Please reproduce the lines of the records below from the one holding "AF0410 staining CACO-2" through the one holding "Bestrophin 3 Antibody", inclusive, skipping all pictures.

-------- Data under study --------

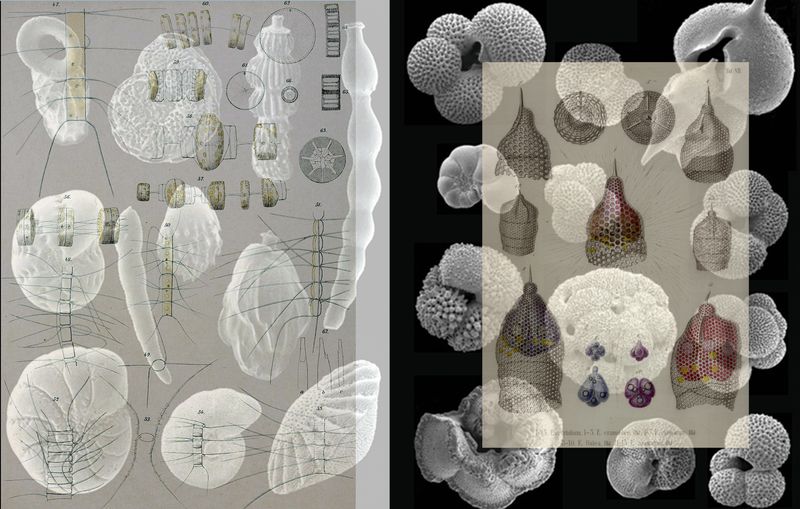 © Florence Iff - single cell organisms, bacteria, origin of oil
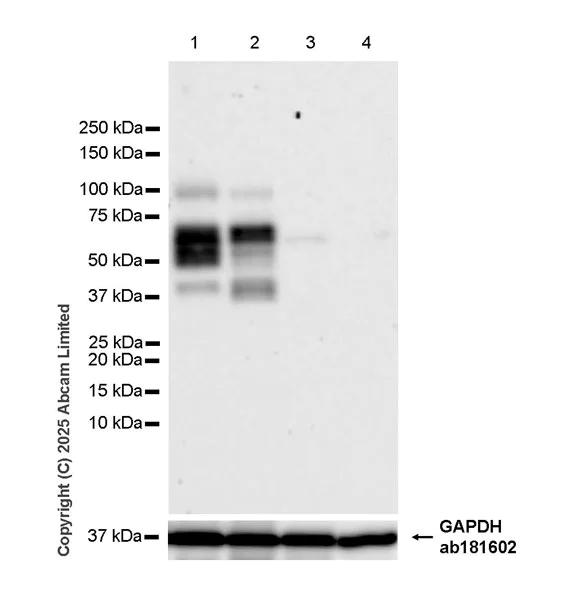 Western blot - Anti-CLEC14A antibody [EPR30281-548] - BSA and Azide free (AB324498)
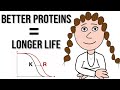 Better Proteins Fidelity The Key To Longevity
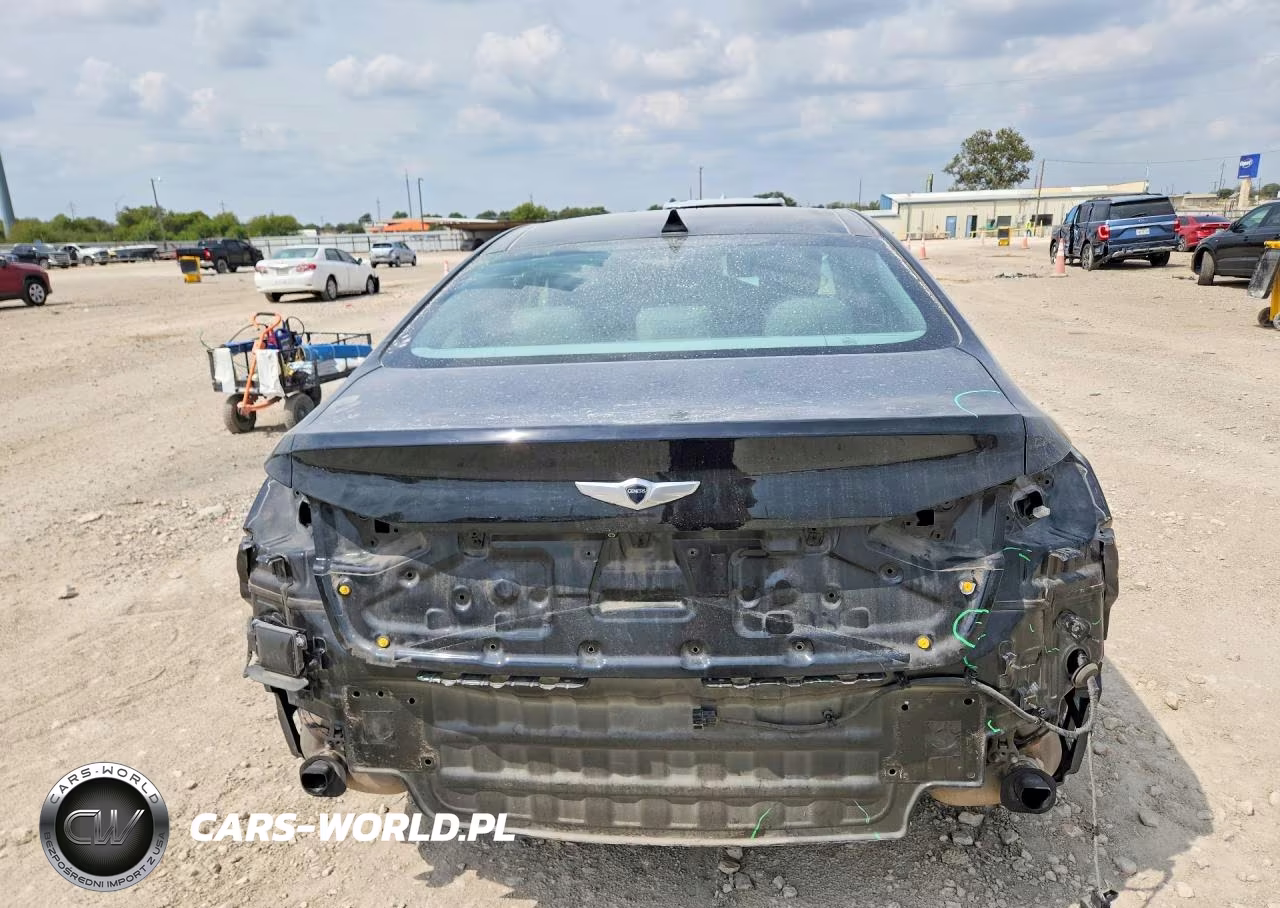 2015 Hyundai Genesis 3.8L VIN:KMHGN4JE2FU090038 - 6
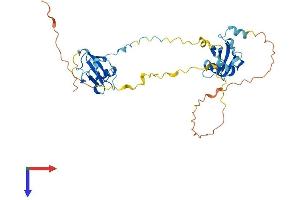 AlphaFold protein structure predicition of Mouse Recombinant Dcdc2c Protein, UniprotID Q9D1B8 (DCDC2C Protein (AA 1-347) (His tag))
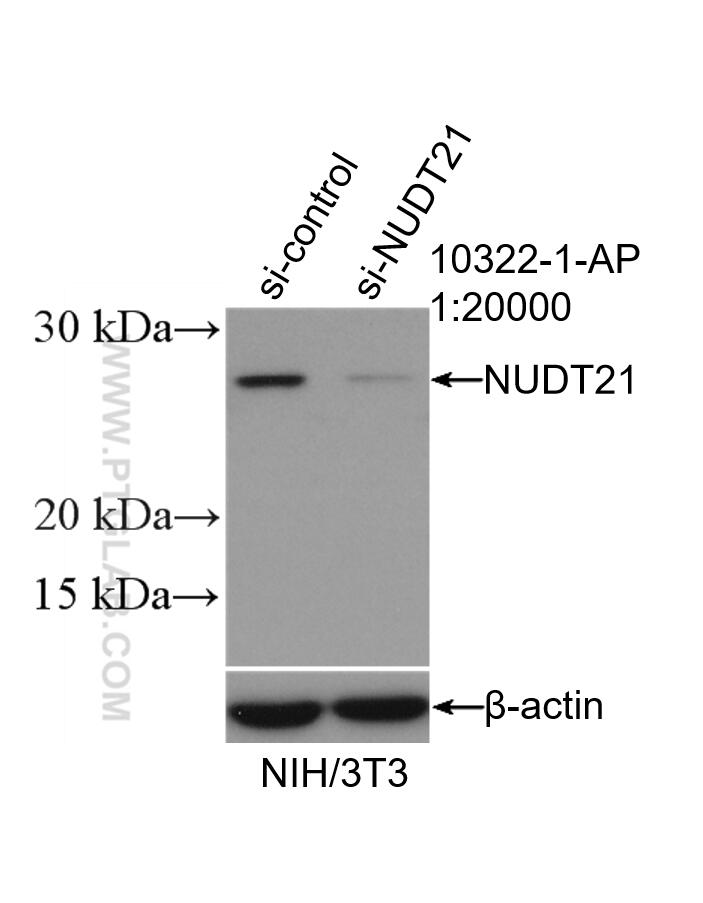 Western Blot (WB) analysis of NIH/3T3 cells using NUDT21 Polyclonal antibody (10322-1-AP)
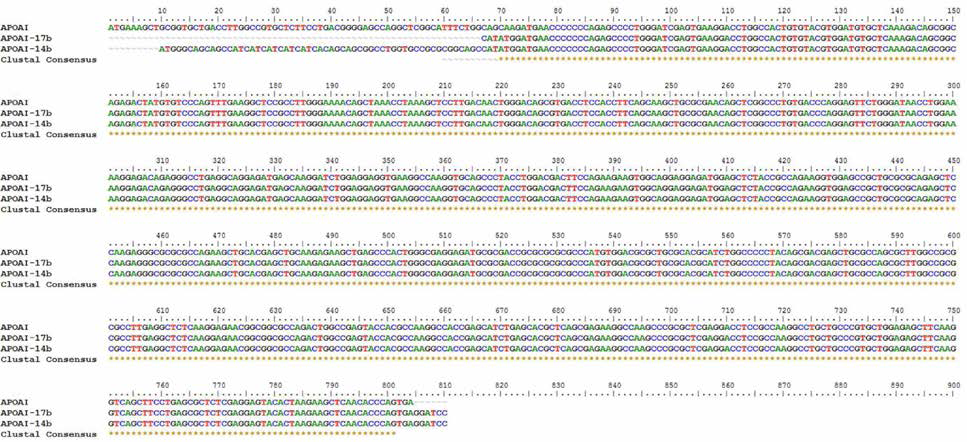 APOAI mRNA sequence 와 pET14b_APOAI 및 pET17b_APOAI 의 sequence alignment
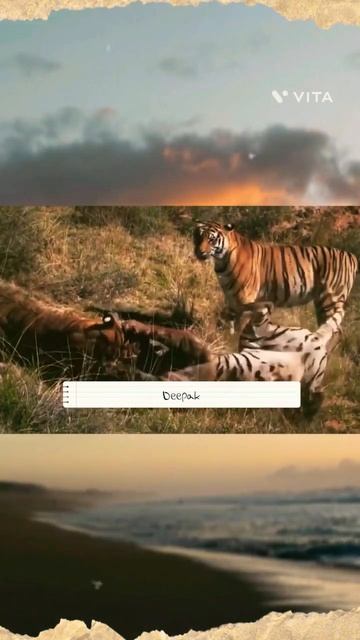 Incredible Tiger Battles , powerful animals,tiger vs Deer #shorts #trending #viralvideo #viral смотреть онлайн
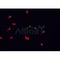 AF0410 staining CACO-2 cells by IF/ICC. The sample were fixed with PFA and permeabilized in 0.1% Triton X-100,then blocked in 10% serum for 45 minutes at 25¡ãC. The primary antibody was diluted at 1/200 and incubated with the sample for 1 hour at 37¡ãC. An  Alexa Fluor 594 conjugated goat anti-rabbit IgG (H+L) antibody(Cat.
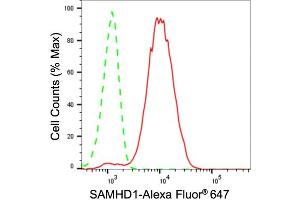 Flow cytometric analysis of SAMHD1 expression in HeLa cells using SAMHD1 antibody (ABIN7800270), 1:2,000).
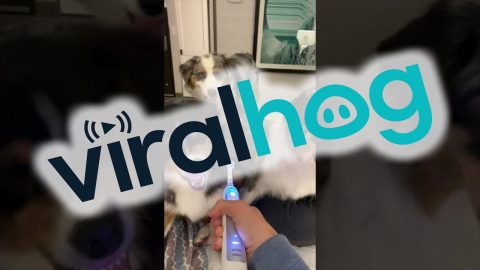 Australian Shepherd Grins At Electric Toothbrush || ViralHog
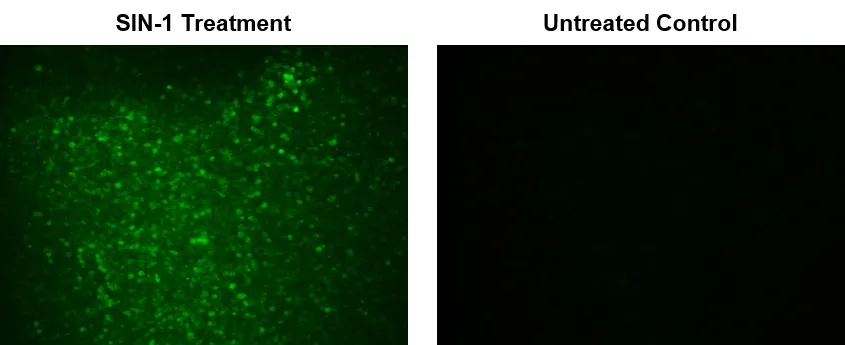 Cell Meter™ Fluorimetric Intracellular Peroxynitrite Assay Kit *Green Fluorescence* - image 2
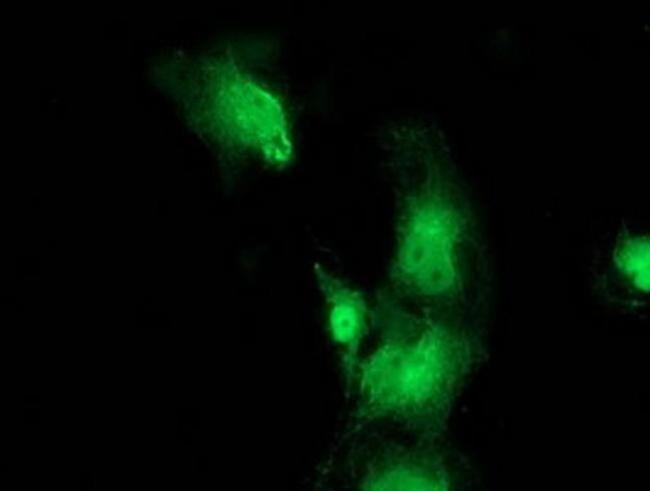 Bestrophin 3 Antibody in Immunocytochemistry (ICC/IF)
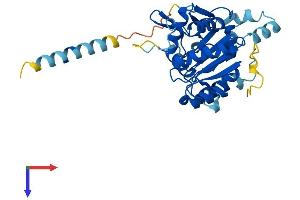 AlphaFold protein structure predicition of Mouse Recombinant C1galt1c1 Protein, UniprotID Q9JMG2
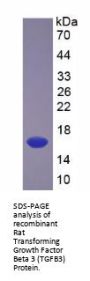 Rat Transforming Growth Factor Beta 3 (TGFB3) Protein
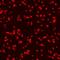 Glycoprotein V Platelet antibody, AF6990, R&D Systems, Immunofluorescence image 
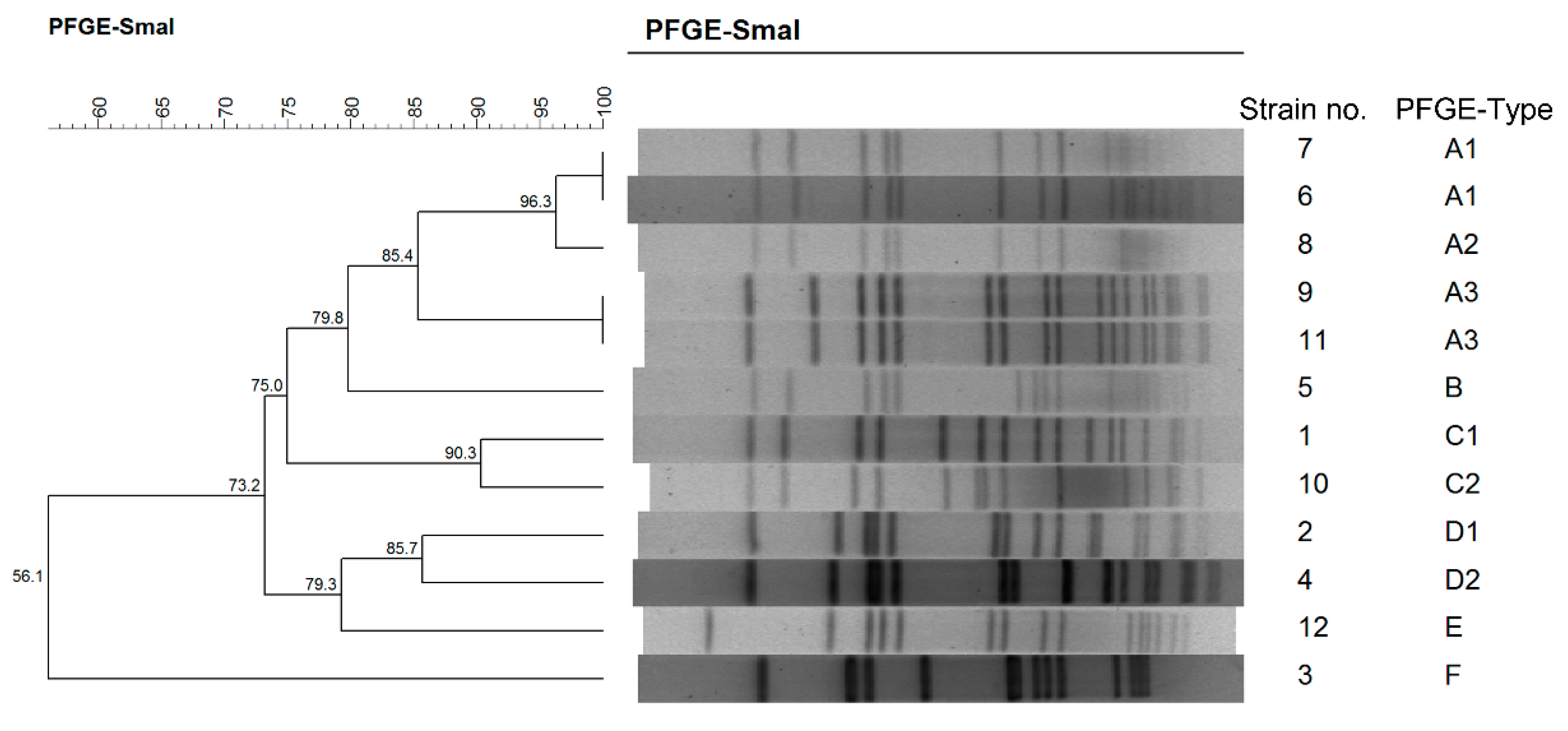 Toxins 11 00307 g001 550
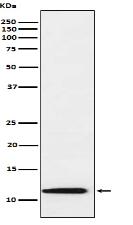 Thioredoxin 2 Antibody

--------

Answer space ->
 AF0410 staining CACO-2 cells by IF/ICC. The sample were fixed with PFA and permeabilized in 0.1% Triton X-100,then blocked in 10% serum for 45 minutes at 25¡ãC. The primary antibody was diluted at 1/200 and incubated with the sample for 1 hour at 37¡ãC. An  Alexa Fluor 594 conjugated goat anti-rabbit IgG (H+L) antibody(Cat.
 Flow cytometric analysis of SAMHD1 expression in HeLa cells using SAMHD1 antibody (ABIN7800270), 1:2,000).
 Australian Shepherd Grins At Electric Toothbrush || ViralHog
 Cell Meter™ Fluorimetric Intracellular Peroxynitrite Assay Kit *Green Fluorescence* - image 2
 Bestrophin 3 Antibody in Immunocytochemistry (ICC/IF)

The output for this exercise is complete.